My father, Harold Saye Sr., 87 now, taught me the single most important lesson of my life when I was a child.  He taught it primarily through living the lesson out day by day, year by year–through a lifetime.  He also imparted the lesson to me in simple words: “Neal, treat every person you come in contact with as if they are the most important person in the world.  Because when you are with them, they are.”

I learned from my dad, for example, that old people should be respected, revered even, for the years they have lived and learned.  For the truth they know.  He showed me how to love his mother, my Mama Saye, by just listening to her talk as she neared her death.

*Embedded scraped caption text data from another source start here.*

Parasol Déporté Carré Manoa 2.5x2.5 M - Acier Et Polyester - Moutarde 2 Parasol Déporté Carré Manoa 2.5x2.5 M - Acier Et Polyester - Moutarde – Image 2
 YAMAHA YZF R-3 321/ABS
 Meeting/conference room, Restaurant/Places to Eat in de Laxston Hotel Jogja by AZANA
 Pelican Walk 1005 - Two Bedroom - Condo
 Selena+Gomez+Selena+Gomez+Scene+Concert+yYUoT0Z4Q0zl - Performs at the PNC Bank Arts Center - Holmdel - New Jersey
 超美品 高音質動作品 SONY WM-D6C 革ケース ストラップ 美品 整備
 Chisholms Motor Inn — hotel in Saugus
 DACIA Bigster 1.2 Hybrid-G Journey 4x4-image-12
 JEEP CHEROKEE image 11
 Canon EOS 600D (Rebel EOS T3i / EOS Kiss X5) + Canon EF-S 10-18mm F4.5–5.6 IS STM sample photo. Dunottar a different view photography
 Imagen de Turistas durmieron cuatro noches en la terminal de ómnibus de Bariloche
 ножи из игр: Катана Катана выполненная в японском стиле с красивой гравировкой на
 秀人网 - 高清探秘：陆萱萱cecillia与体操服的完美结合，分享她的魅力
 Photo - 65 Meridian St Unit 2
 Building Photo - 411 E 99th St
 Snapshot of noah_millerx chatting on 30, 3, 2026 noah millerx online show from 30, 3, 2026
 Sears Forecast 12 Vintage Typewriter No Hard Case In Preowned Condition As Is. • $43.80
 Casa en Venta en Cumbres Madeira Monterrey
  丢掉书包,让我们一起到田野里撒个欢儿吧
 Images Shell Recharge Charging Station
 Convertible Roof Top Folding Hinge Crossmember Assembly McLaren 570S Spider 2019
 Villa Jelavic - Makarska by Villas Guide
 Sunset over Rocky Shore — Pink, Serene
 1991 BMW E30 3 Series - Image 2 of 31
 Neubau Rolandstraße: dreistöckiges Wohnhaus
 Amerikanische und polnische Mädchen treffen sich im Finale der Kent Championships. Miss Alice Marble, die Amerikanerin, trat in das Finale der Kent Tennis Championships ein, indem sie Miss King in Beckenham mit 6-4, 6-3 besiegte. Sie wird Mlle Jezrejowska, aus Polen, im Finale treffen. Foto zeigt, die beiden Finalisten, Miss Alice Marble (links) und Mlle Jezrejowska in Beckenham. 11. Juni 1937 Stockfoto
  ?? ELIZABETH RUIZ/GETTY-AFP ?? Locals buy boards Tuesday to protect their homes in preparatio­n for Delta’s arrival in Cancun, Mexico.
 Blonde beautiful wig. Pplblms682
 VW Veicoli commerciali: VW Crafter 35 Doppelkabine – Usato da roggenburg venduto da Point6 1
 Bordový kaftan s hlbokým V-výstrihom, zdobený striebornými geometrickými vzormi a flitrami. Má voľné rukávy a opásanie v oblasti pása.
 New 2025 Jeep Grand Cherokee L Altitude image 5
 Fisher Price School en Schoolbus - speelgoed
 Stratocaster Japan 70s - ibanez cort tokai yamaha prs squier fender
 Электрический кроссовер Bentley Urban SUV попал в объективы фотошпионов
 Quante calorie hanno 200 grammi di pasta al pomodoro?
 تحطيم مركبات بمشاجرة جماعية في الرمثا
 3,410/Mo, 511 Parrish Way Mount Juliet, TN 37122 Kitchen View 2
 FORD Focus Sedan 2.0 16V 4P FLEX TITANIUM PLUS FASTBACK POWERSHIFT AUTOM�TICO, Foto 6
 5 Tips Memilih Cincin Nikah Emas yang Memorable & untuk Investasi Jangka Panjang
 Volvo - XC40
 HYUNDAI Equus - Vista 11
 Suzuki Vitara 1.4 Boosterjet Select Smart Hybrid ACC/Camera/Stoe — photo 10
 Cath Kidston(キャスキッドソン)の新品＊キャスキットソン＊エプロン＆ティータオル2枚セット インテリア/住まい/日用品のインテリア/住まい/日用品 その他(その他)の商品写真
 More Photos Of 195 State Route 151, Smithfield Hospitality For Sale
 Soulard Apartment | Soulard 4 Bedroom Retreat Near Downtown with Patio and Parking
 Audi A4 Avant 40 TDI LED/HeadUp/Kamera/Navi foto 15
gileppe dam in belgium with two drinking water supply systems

My father taught me to smile kindly at Joe Junior Watkins, the man/boy in ever-present overalls who wasn’t quite right, who grew older but remained a child.  “Don’t ever make fun of people, Neal.  They’re doing the best they can.”

I learned from my daddy that if you allow yourself to hate somebody because he or she is different from you, the next step comes easy: you can ignore them or fight them or kill them even.  “Don’t let that happen to you, Neal.”

He taught me that different is not bad.  It’s just different.

I grew up in the tiny North Georgia town of Ball Ground, where there were no blacks.  Not one.  But my father had black co-workers in his job as a machinist in nearby Canton, and he would invite his black buddy and his family to our house.  I learned early on that skin color is … skin color.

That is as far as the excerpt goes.